■ What you should do
Give the data below again exactly, and drop each picture from it.

■ Available data
=== Begin Enclosure ===
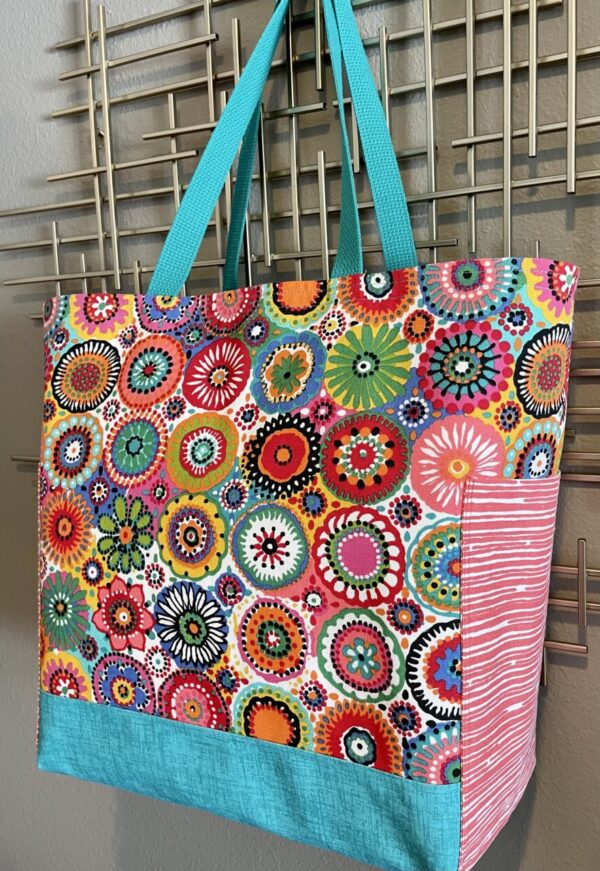 Product image of Everyday Tote Bag Bright Circles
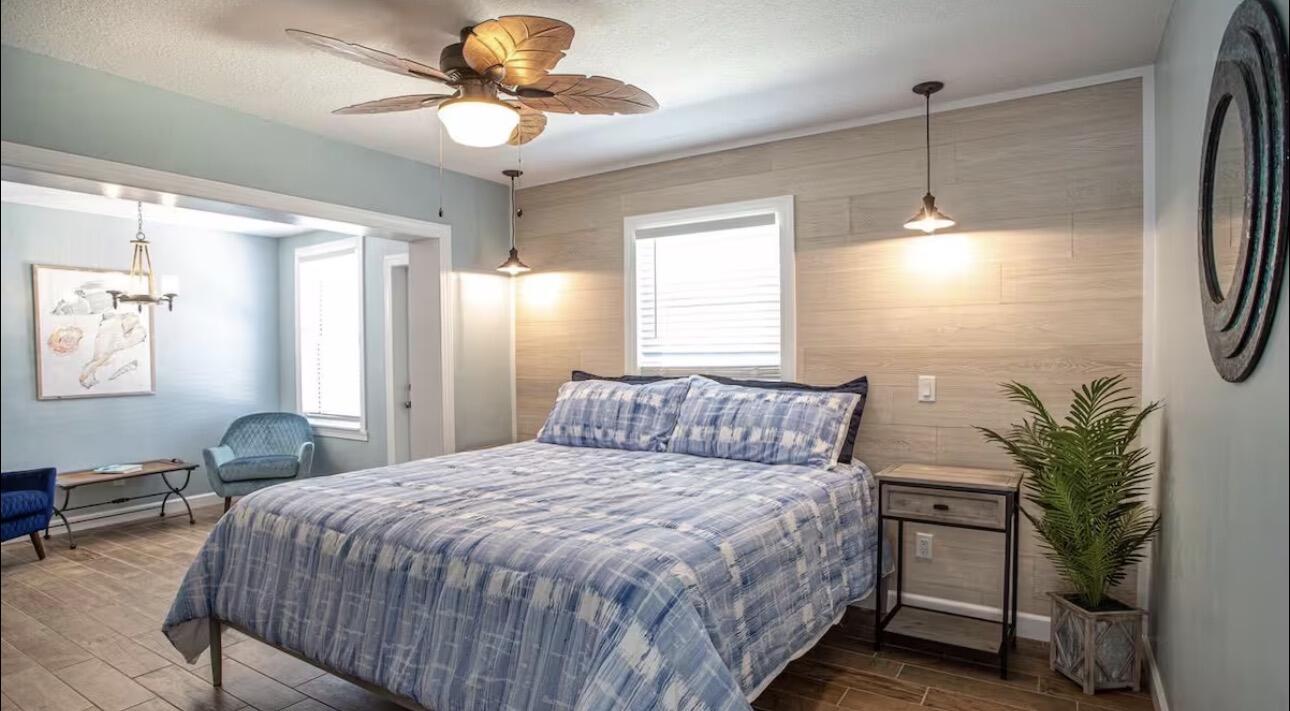 BEACH CLUB COLONY SECTION 1 - Residential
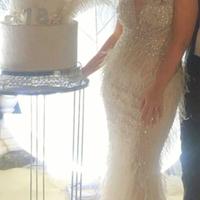 Abito da cerimonia elegante con piume e strass 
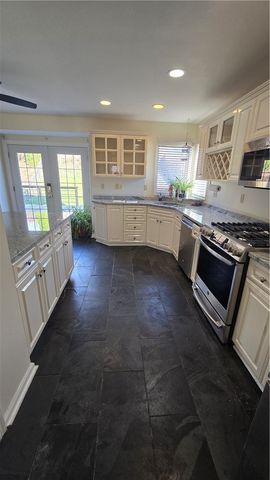 243 Augusta St, Mt Washington, PA 15211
=== End Enclosure ===
■ Task response
 Product image of Everyday Tote Bag Bright Circles
 BEACH CLUB COLONY SECTION 1 - Residential
 Abito da cerimonia elegante con piume e strass 
 243 Augusta St, Mt Washington, PA 15211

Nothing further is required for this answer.